▶ YOUR INSTRUCTIONS
Within the material below, find each line bearing the word "Mini" and present it.
•••••
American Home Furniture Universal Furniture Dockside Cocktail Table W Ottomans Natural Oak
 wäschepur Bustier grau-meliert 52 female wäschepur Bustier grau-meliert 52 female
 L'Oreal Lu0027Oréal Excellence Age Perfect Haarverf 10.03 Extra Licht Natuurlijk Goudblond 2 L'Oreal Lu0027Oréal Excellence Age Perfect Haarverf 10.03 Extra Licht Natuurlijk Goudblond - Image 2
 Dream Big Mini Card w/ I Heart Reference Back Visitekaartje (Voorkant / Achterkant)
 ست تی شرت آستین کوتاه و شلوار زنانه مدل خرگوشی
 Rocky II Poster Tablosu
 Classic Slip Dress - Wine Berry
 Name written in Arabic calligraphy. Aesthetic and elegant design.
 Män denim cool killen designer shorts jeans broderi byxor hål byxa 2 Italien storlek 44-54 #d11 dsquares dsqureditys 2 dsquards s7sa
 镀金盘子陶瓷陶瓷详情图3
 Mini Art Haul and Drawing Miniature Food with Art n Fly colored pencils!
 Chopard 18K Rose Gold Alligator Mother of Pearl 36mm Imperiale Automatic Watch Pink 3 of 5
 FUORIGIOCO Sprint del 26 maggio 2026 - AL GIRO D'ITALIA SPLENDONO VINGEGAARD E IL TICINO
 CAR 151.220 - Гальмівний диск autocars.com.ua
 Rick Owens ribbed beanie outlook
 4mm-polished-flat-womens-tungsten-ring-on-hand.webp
•••••
▶ TASK ANSWER
 Dream Big Mini Card w/ I Heart Reference Back Visitekaartje (Voorkant / Achterkant)
 Mini Art Haul and Drawing Miniature Food with Art n Fly colored pencils!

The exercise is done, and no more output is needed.